Exercise directions: Produce word for word the lines of the data below running from the one that has "الكثيري يؤكد دعم" to the one that has "Anonimo , S.", inclusive, and no others.

Provided records:
________________________
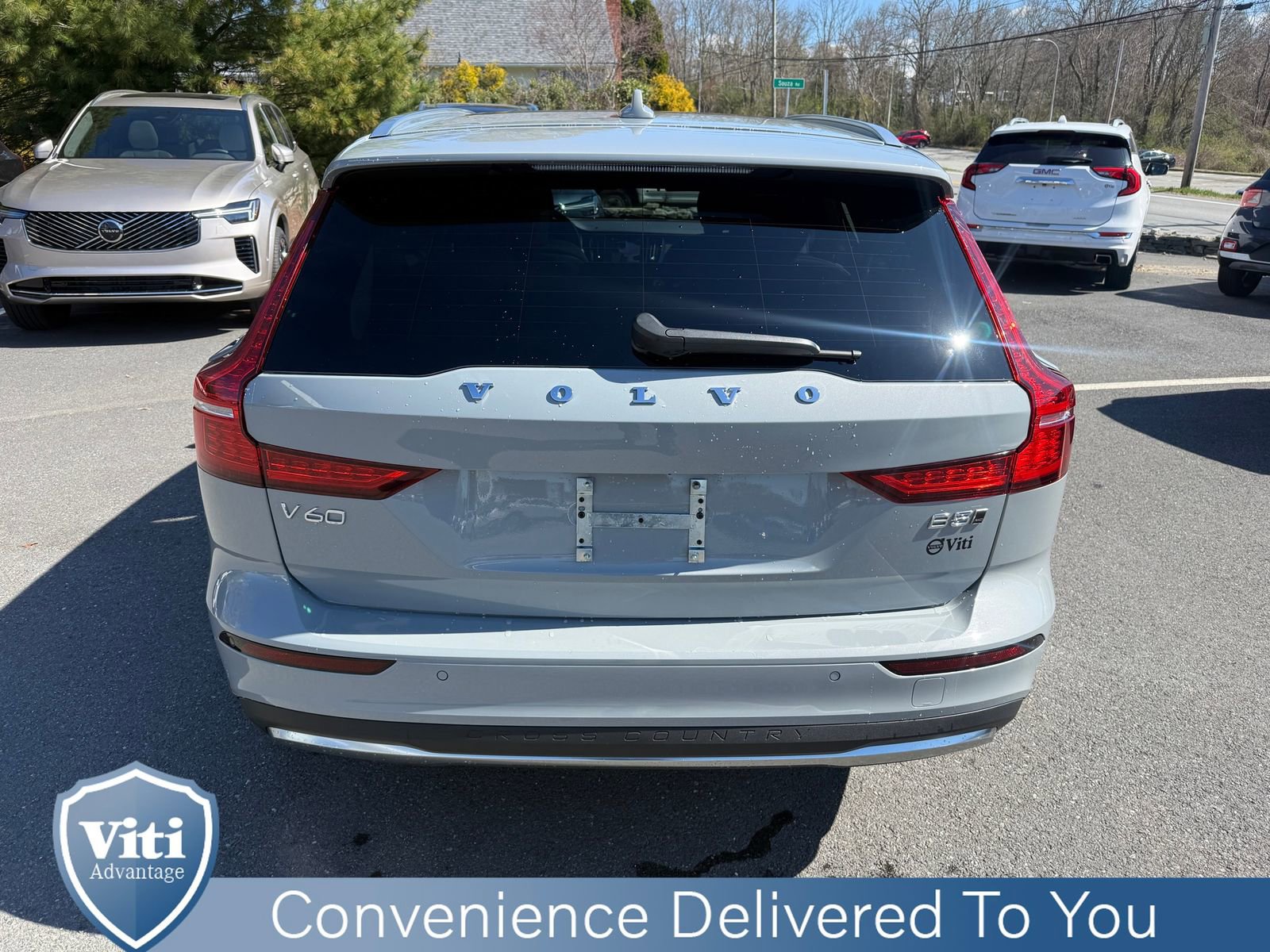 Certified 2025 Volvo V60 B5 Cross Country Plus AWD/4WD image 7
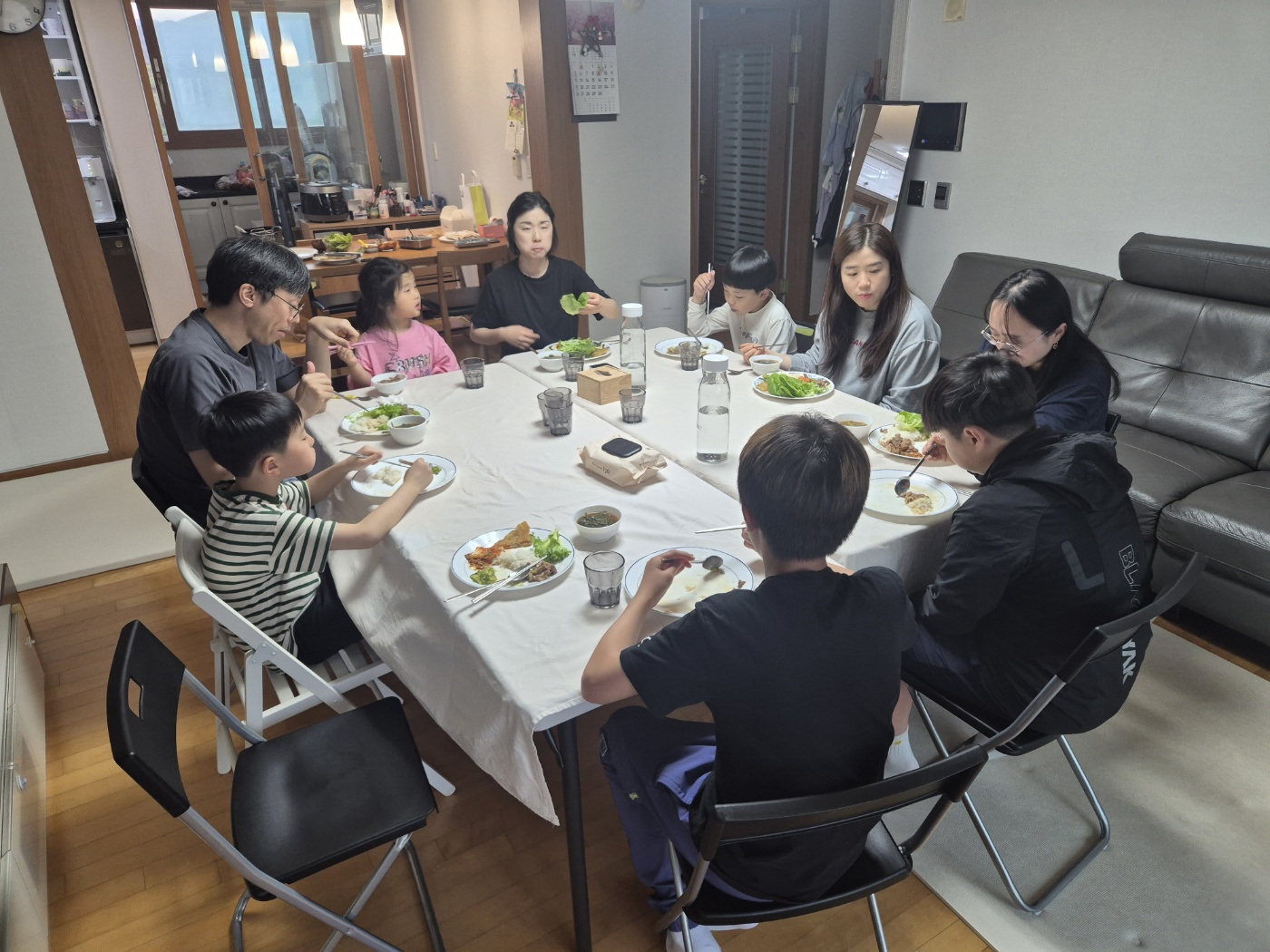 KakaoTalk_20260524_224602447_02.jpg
________________________
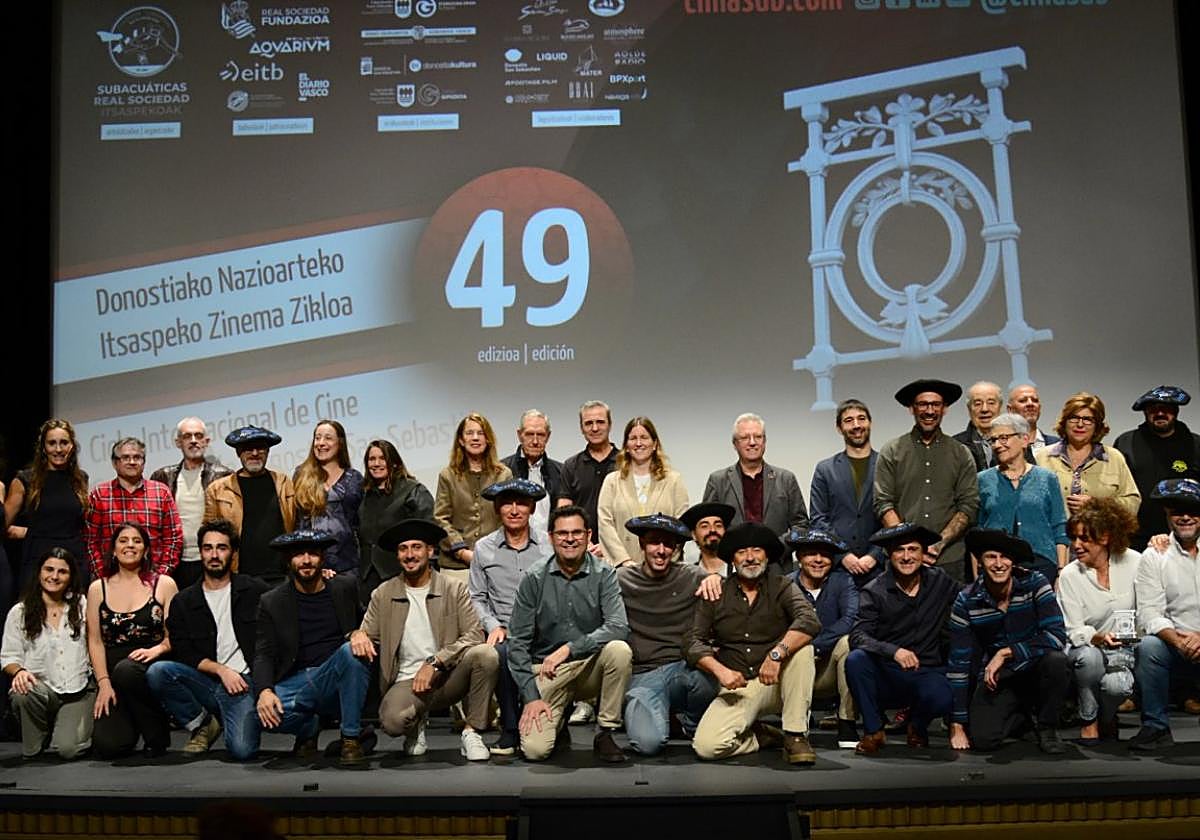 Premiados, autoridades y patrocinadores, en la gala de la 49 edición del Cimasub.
________________________
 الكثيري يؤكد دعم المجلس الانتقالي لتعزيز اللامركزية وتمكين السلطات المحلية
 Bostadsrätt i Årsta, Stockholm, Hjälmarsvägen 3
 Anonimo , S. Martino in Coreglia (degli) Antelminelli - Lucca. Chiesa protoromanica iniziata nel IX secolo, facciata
________________________
Result of the exercise:
 الكثيري يؤكد دعم المجلس الانتقالي لتعزيز اللامركزية وتمكين السلطات المحلية
 Bostadsrätt i Årsta, Stockholm, Hjälmarsvägen 3
 Anonimo , S. Martino in Coreglia (degli) Antelminelli - Lucca. Chiesa protoromanica iniziata nel IX secolo, facciata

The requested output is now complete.